## DIRECTIONS FOR THIS TASK
From the records below, please repeat exactly the line that has "吉川 浩満の書籍一覧 - honto", the line that has "奈良県生駒郡三郷町K様邸　外壁塗装・防水工事 シャッターボックスフッ素仕上げ", and every line between them, and nothing else.

## MATERIAL PROVIDED
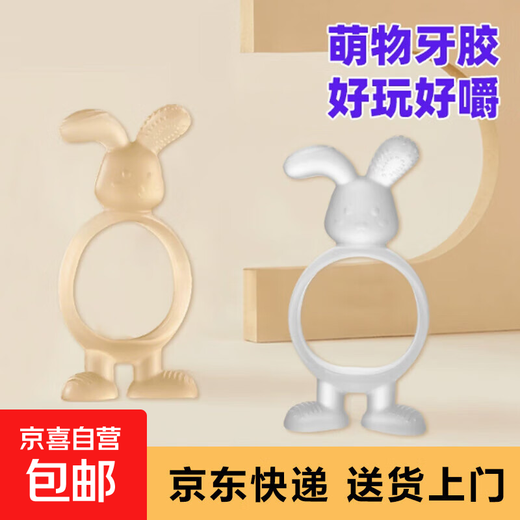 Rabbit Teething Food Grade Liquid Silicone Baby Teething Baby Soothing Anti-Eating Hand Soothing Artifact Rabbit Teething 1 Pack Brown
...
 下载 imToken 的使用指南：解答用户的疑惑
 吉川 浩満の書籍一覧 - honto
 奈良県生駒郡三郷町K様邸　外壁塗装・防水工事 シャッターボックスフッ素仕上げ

## SOLUTION FOR THIS EXERCISE
 吉川 浩満の書籍一覧 - honto
 奈良県生駒郡三郷町K様邸　外壁塗装・防水工事 シャッターボックスフッ素仕上げ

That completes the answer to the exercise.